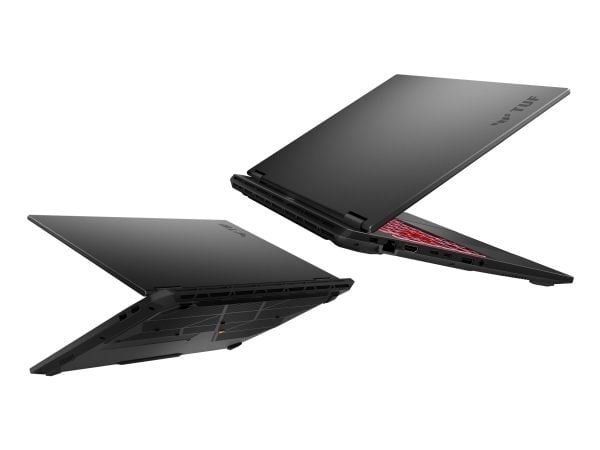 Asus TUF Gaming A16 Ryzen 7 16/512GB 16" RTX5050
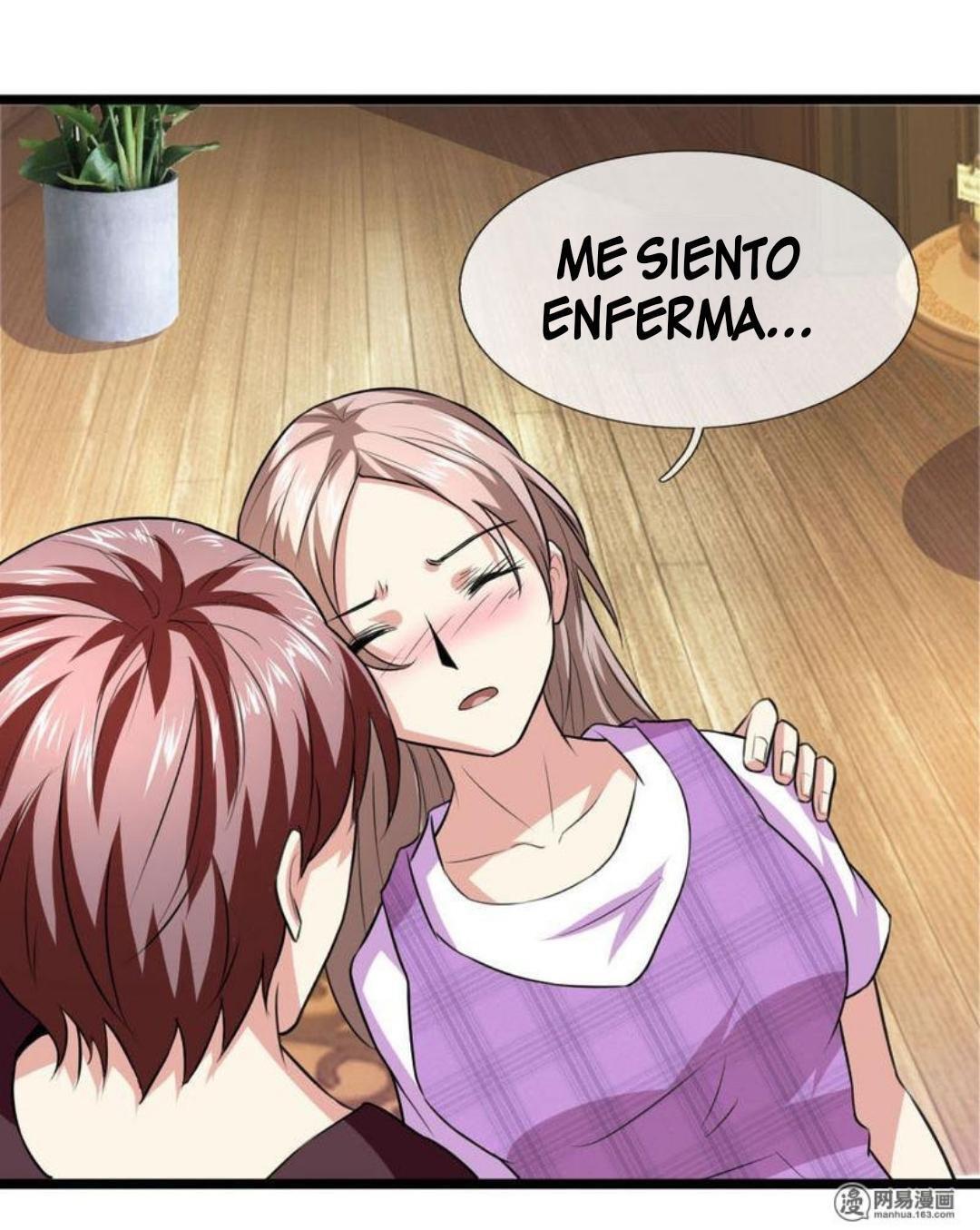 Capitulo 67 page 4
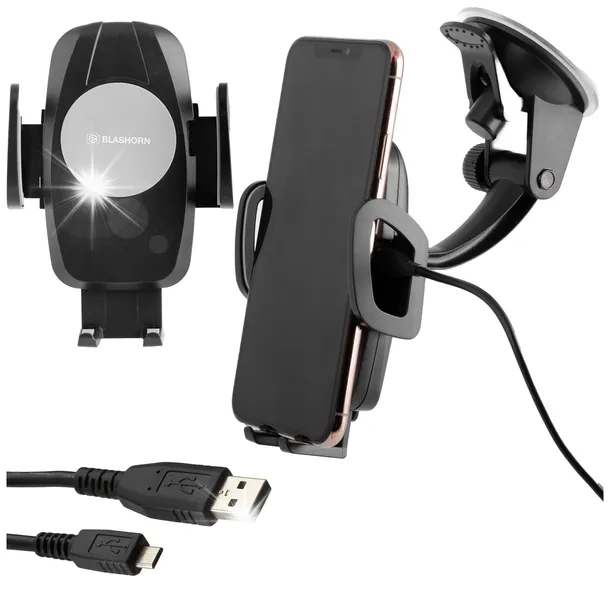 ladowarka-samochodowa-microusb-typ-b-blashorn-2000-ma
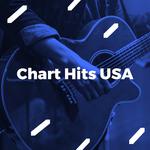 Chart Hits USA专辑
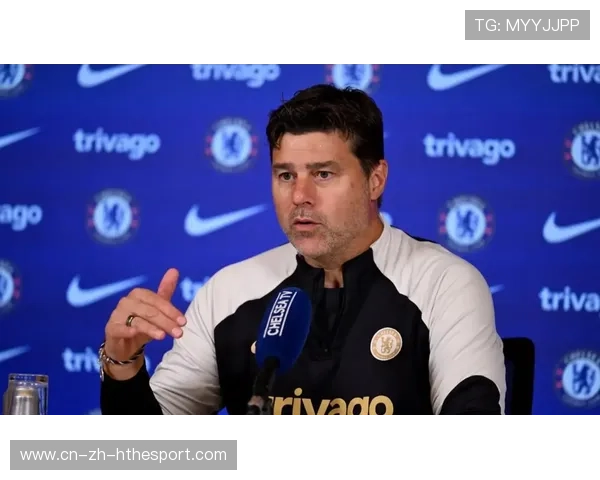 切尔西的青春牌:波切蒂诺能否将天赋转化为胜利?,波切蒂诺球员时代 切尔西的青春牌:波切蒂诺能否将天赋转化为胜利?,波切蒂诺球员时代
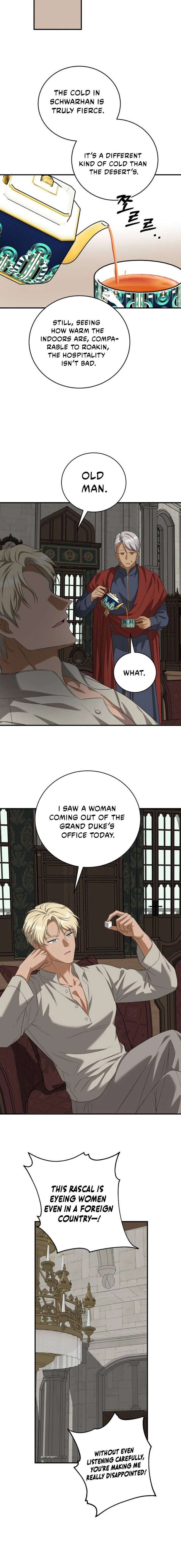 ch 60 22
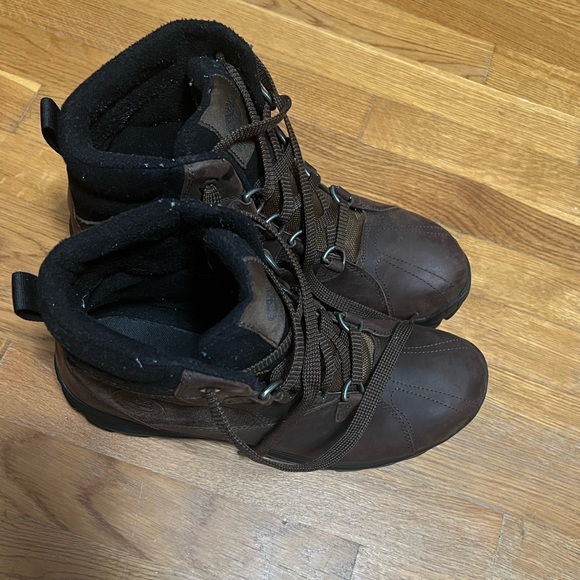 Timberland boots 11 - Picture 6 of 10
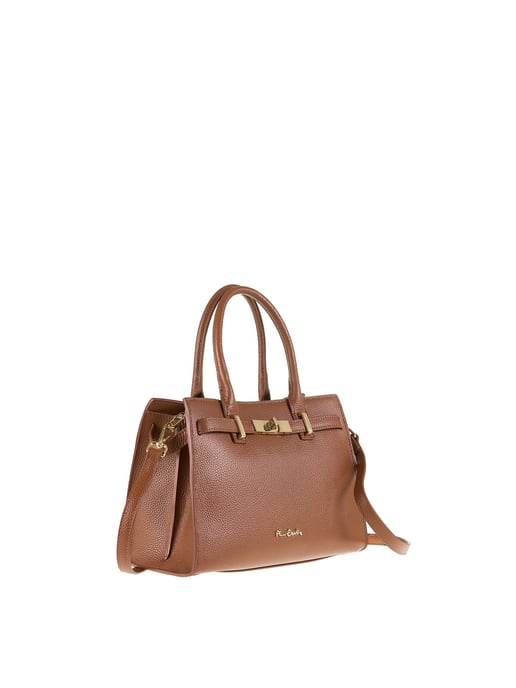 Pierre Cardin Umhängetasche Women - Image 2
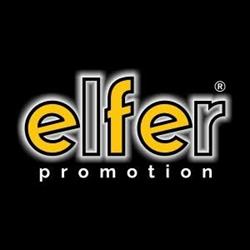 Elfer Promotion, Laives orari di apertura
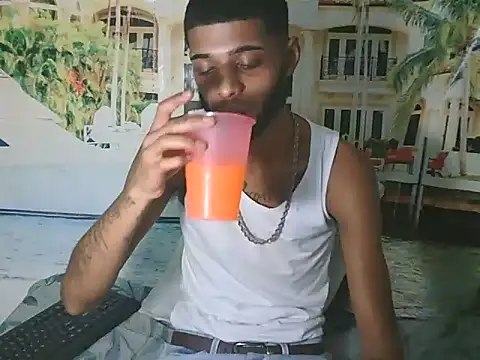 Snapshot of CharmingIndian1 chatting on March 1, 2026, 6:08 pm CharmingIndian1 online show from March 1, 2026, 6:08 pm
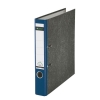 Κλασέρ Αρχειοθέτησης Leitz 1050 Α4 χαρτόνι 50 mm Blue 202508 - 1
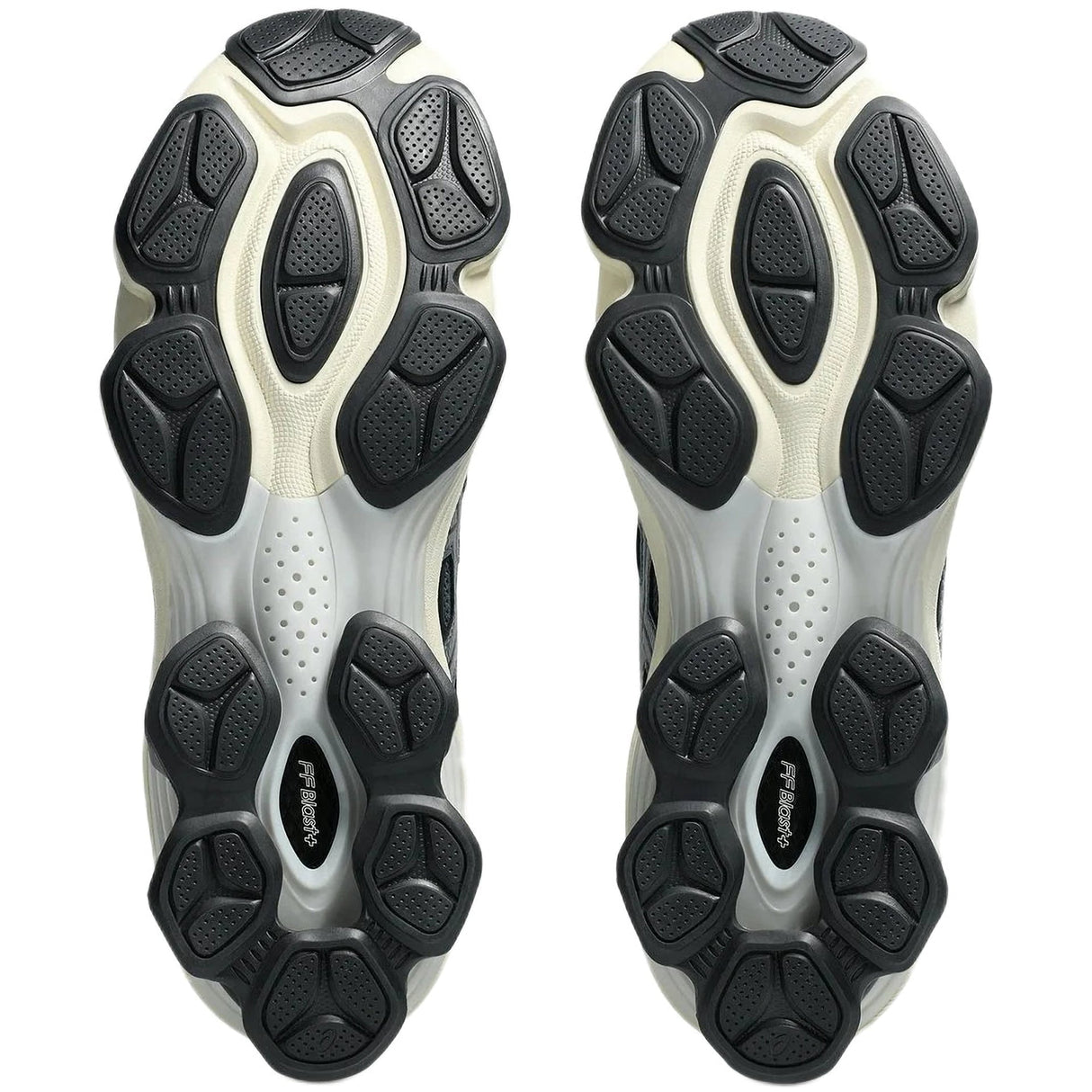 GEL - KINETIC FLUENT - Runner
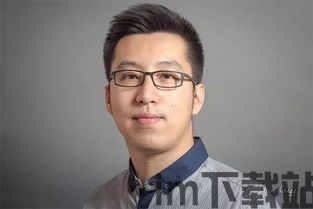 华为游戏中心安卓版(图2) 华为游戏中心安卓版(图2)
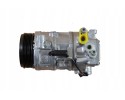 AIR CONDITIONING COMPRESSOR TYPE BMW 1 04 12 3 05 12 1 8D 2 0D Part manufacturer NRF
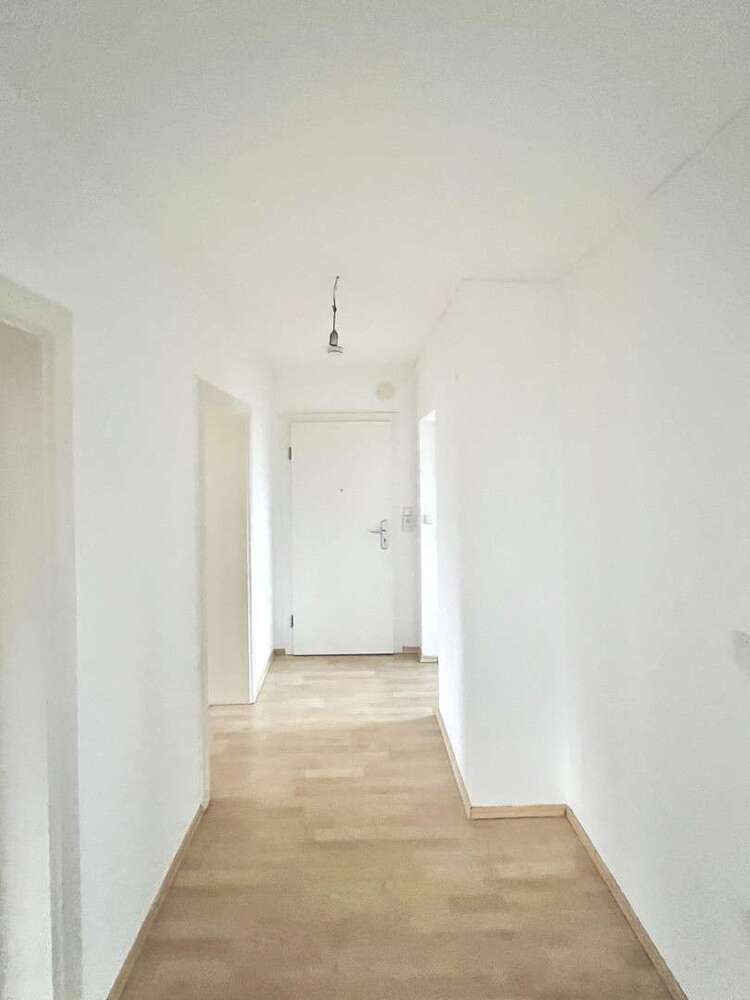 Wohnung zum Mieten in Burghausen 880 € 82 m²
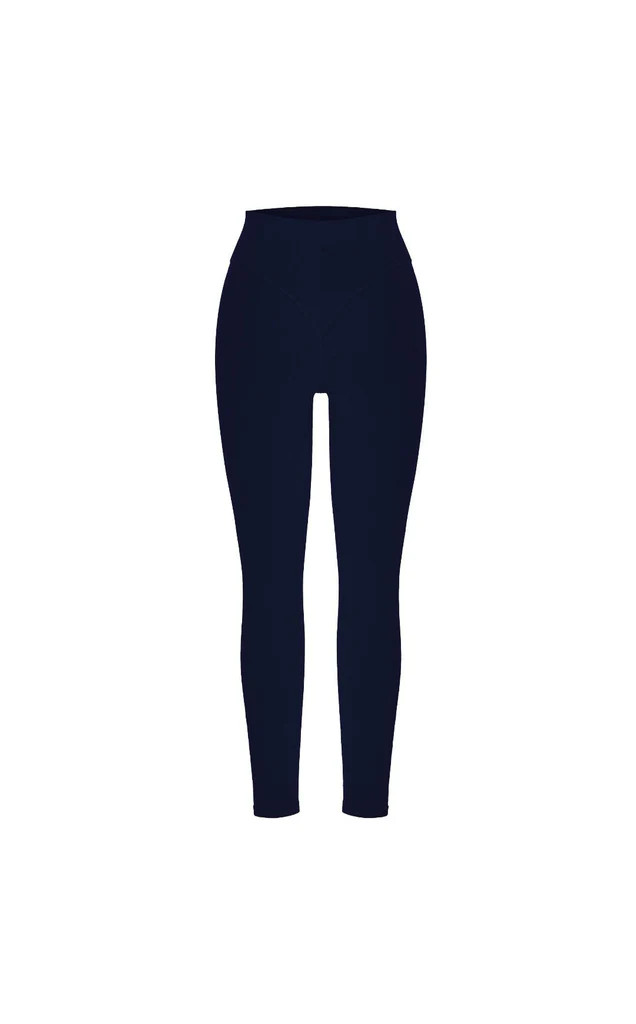 Cloud II™ Pant - Sapphire | Vitality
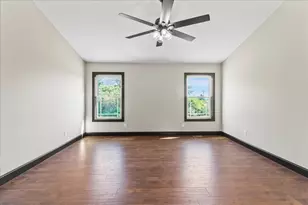 5061 Cox Rd, North Lewisburg, OH 43060 - Photo 25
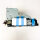 EPIC-Druckerpapierrollenbaugruppe CL66 EPPI ASP P/N 195910001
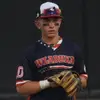 anthony - @anthony.panissidi - TikTok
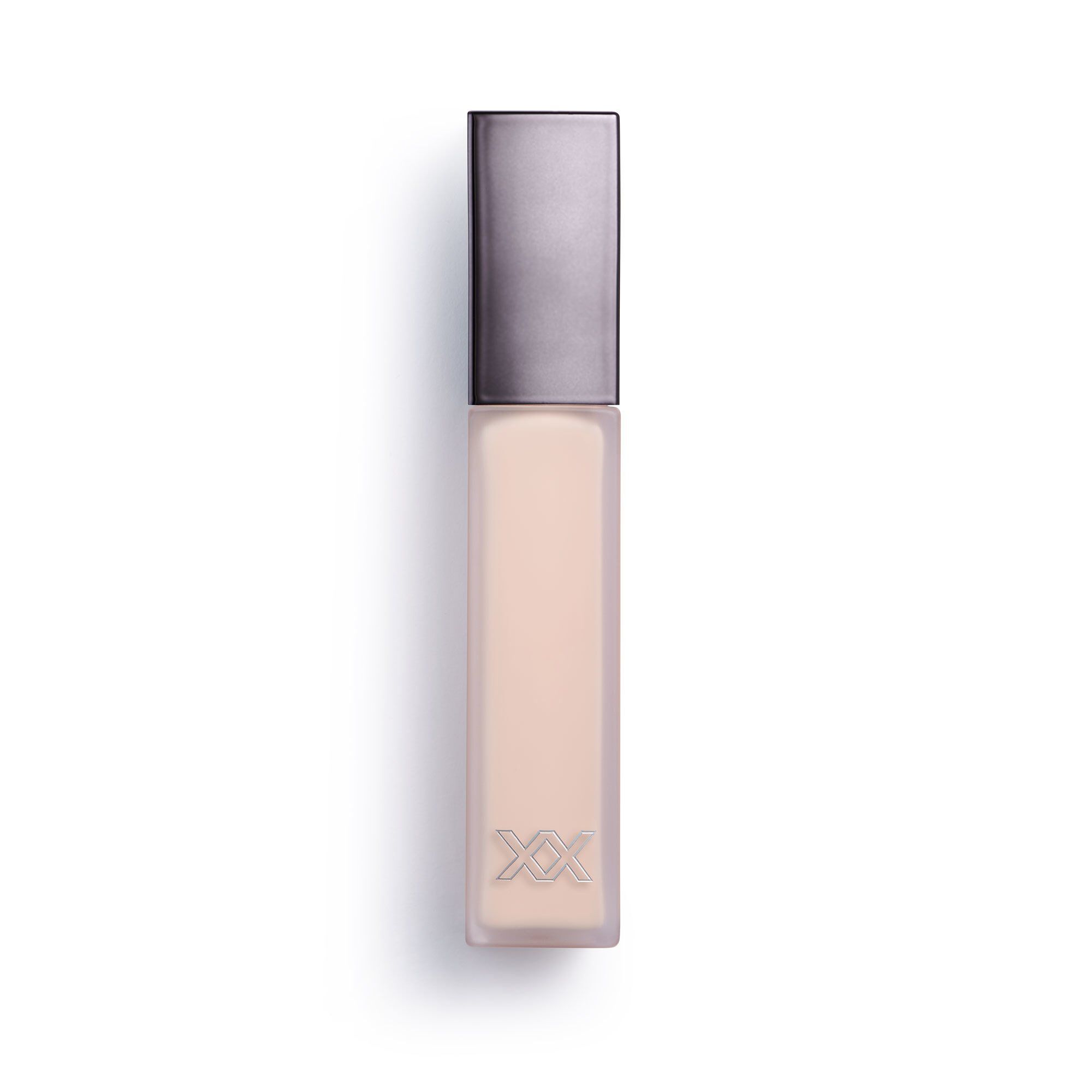 XX Revolution ConcealXX Super FiXX Concealer CX3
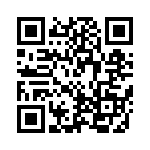 SMCJ17CAHR7G QRCode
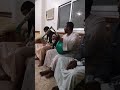 عثمان مشكيلة أبيض ووو نلو صافي عثمان مشكيلة أبيض ووو نلو صافي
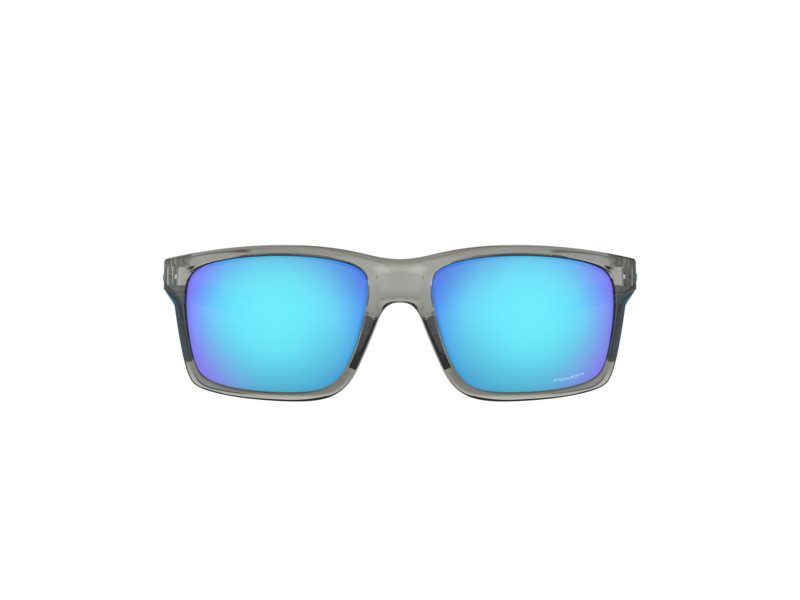 Oakley Mainlink Ochelari de Soare OO 9264 926442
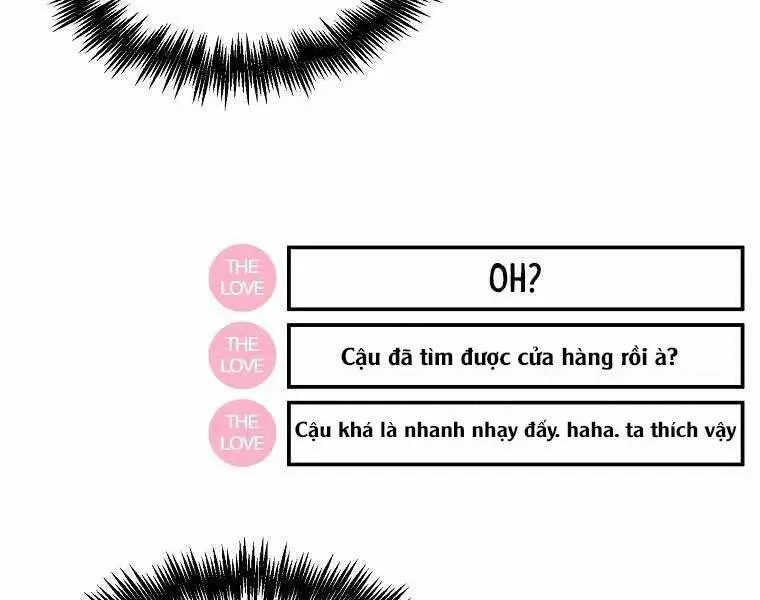 Người Mới Này Quá Mạnh Nettruyen ZZZ Chương 2 Page 48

> **Exercise aim**
Word for word and without pictures, restate only the lines running from the one that contains "SMCJ17CAHR7G QRCode" through the last line of the listing above.

> **The answer**
 SMCJ17CAHR7G QRCode
 عثمان مشكيلة أبيض ووو نلو صافي عثمان مشكيلة أبيض ووو نلو صافي
 Oakley Mainlink Ochelari de Soare OO 9264 926442
 Người Mới Này Quá Mạnh Nettruyen ZZZ Chương 2 Page 48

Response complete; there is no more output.